Task directions »
What needs reproducing is the run of lines in the data below starting at the line with "Gallery image thumbnail" and ending at the line with "K Bhagat Tarachand", both ends included. Copy it exactly, without pictures, and add nothing.

Given records »

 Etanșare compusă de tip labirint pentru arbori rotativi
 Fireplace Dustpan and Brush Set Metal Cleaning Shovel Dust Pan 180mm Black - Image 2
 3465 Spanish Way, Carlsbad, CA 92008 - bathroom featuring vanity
---
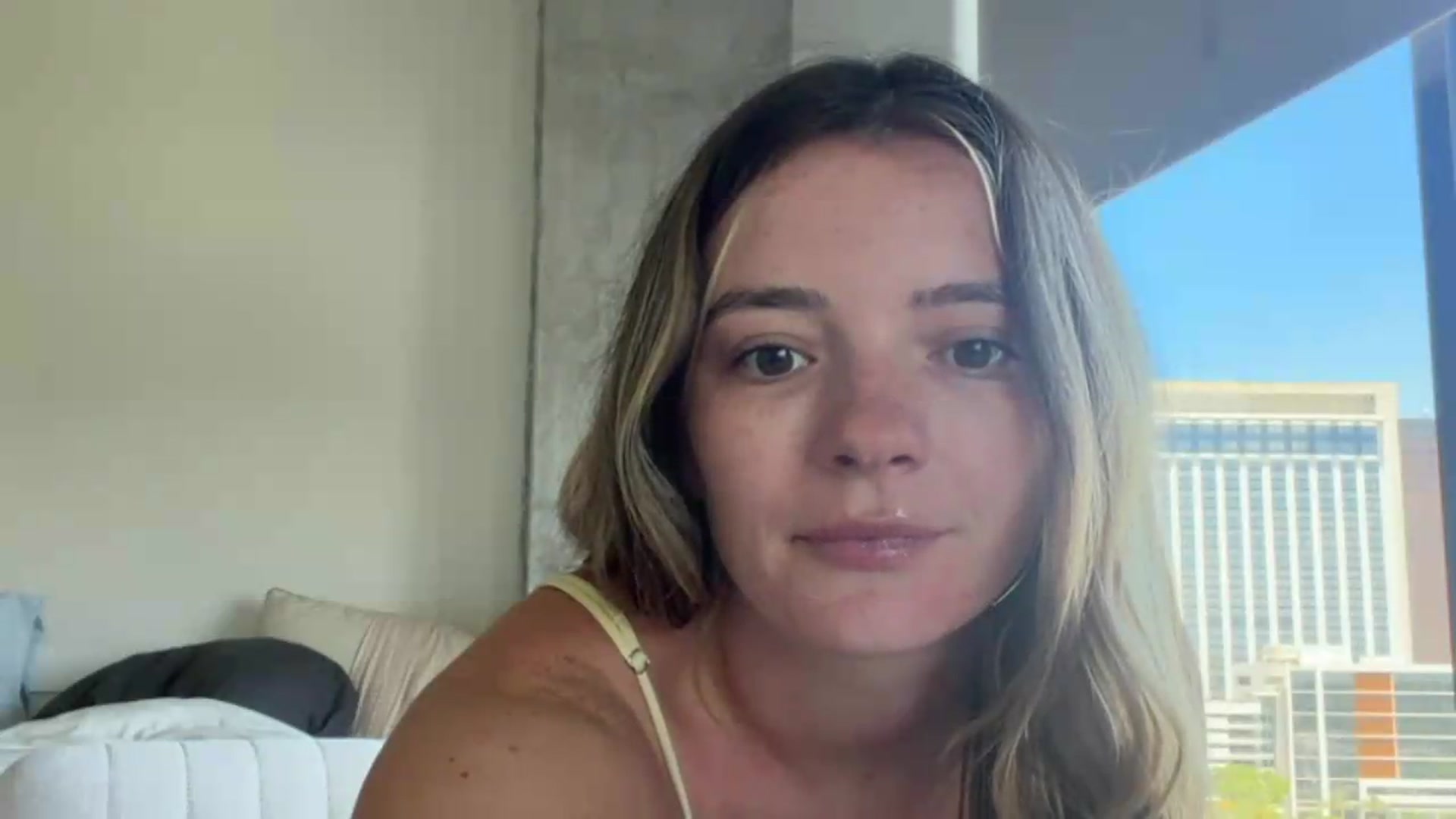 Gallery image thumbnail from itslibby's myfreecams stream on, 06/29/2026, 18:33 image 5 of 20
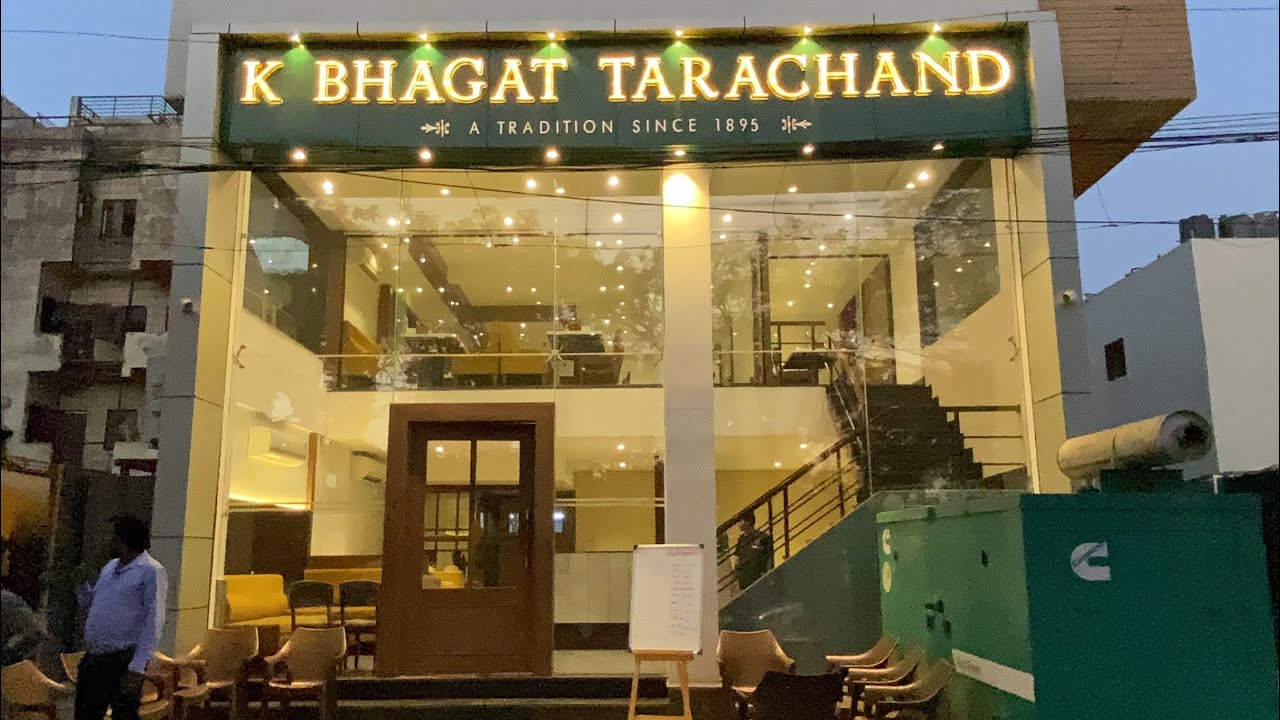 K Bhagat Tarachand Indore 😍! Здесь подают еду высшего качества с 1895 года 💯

Expected output »
 Gallery image thumbnail from itslibby's myfreecams stream on, 06/29/2026, 18:33 image 5 of 20
 K Bhagat Tarachand Indore 😍! Здесь подают еду высшего качества с 1895 года 💯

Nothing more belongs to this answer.